Can't reliably deploy in 2024
Hey folks,
I can't deploy this project using tag v2.6.0 because it has a python37 constraint, appengine barks at that. Deploying from master using python311 goes much further but has completely undocumented requirements like the terraform/k8s code that doesn't work out of the box. Do you guys have some more recent documentation to add to the project that we non-googlers could deploy to GCP?
@dantecl can you drill down on what exactly does not work out of the box, as far as K8S and Terraform go?
When I generate the config, none of the terraform code gets copied over. If I copy it manually, I have to fill out the variables file, and then the deploy process does not actually create any of the resources. I've resorted to deploying it with --target appengine to bypass the terraform stage, and most of the cronjobs in appengine fail with 404 to the cron-service service.

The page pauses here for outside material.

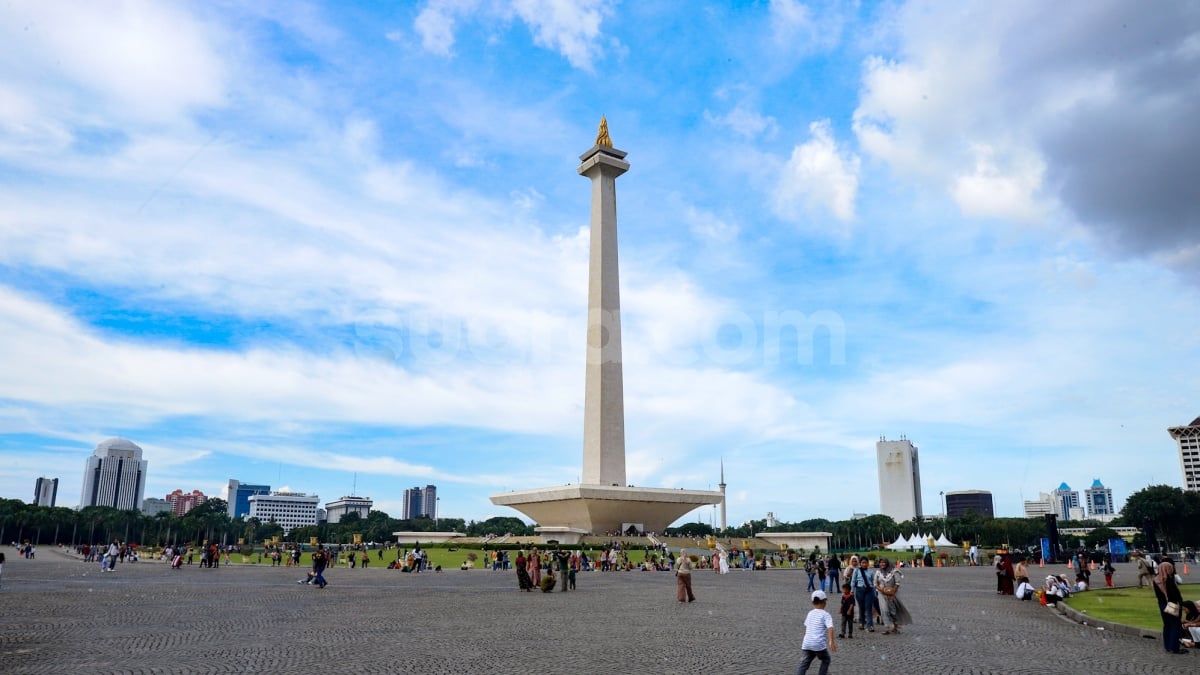 DLH DKI Klaim Kualitas Udara di Jakarta Membaik saat Libur Lebaran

Re crons, they are supposed to run on Kubernetes, so it is not expected that appengine would succeed.
As far as the overall deployment goes, we have a pending project that will replace butler.py for terraform while bootstrapping the infrastructure, so I suggest you follow #3788. Since the deployment strategy will change, docs will be out once this lands.

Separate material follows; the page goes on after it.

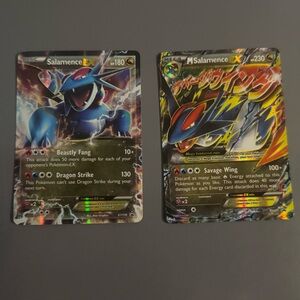 Pokemon Salamence EX Cards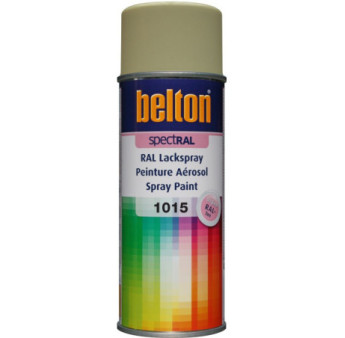 Peinture BELTON spectral brillant RAL 1015 ivoire clair 400ml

Also, on the terraform deployment, with -target=module.clusterfuzz it does not create anything, and if I remove it, it does "Plan: 7 to add, 0 to change, 0 to destroy" with it trying to clobber my existing VPC, subnet and NAT gateway. I'll follow #3788 for updates, do you have any idea on timeframes?
This issue has not had any activity for 60 days and will be automatically closed in two weeks
I second @dantecl request. I've moved further in deployment by crafting my own config based on infra/k8s and infra/terraform but there're more issues coming:
- some indexes are not added to src/appengine/index.yaml (e.g. WindowRateLimitTask)

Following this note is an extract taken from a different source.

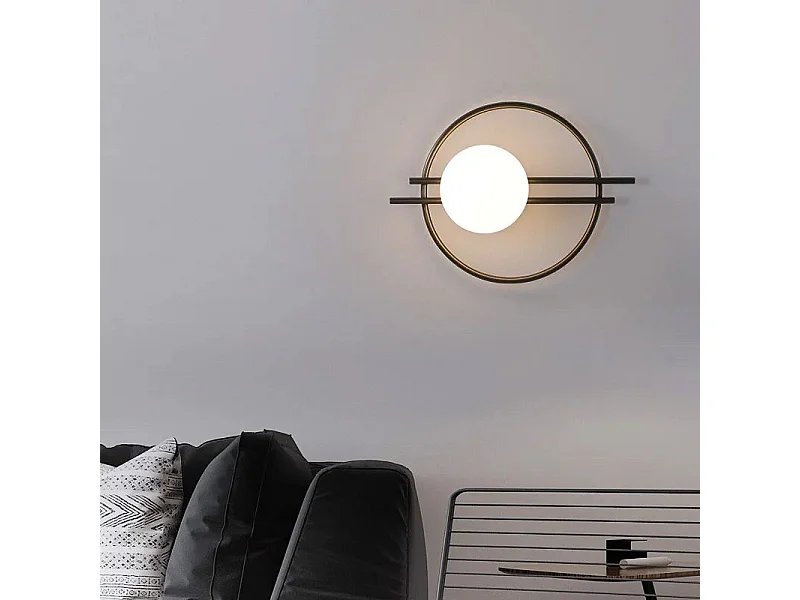 Lámpara De Pared Toolight App1435-W Black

- some services are not activated at the time of create_config (e.g. secrets manager)
- secrets (gcs-signer-key) are not added at create_config stage
Got stuck on the last problem as I'm not sure what the key should be.
@vitorguidi @jonathanmetzman are there any timelines on switching to new deployment scripts? Anything we could help with to let the project become deployable again for new setups?
Hey there.
I am currently working in bootstrapping a development environment for our own use. This will probably help out with these deployment pains.
As far as helping us out, please document all the problems you are facing in this issue. If you end up solving stuff on your own, please let us know how you did it.
Re timelines, it is hard to estimate a completion date because this is a section of the system I am unfamiliar with, but there is active effort in this problem right now.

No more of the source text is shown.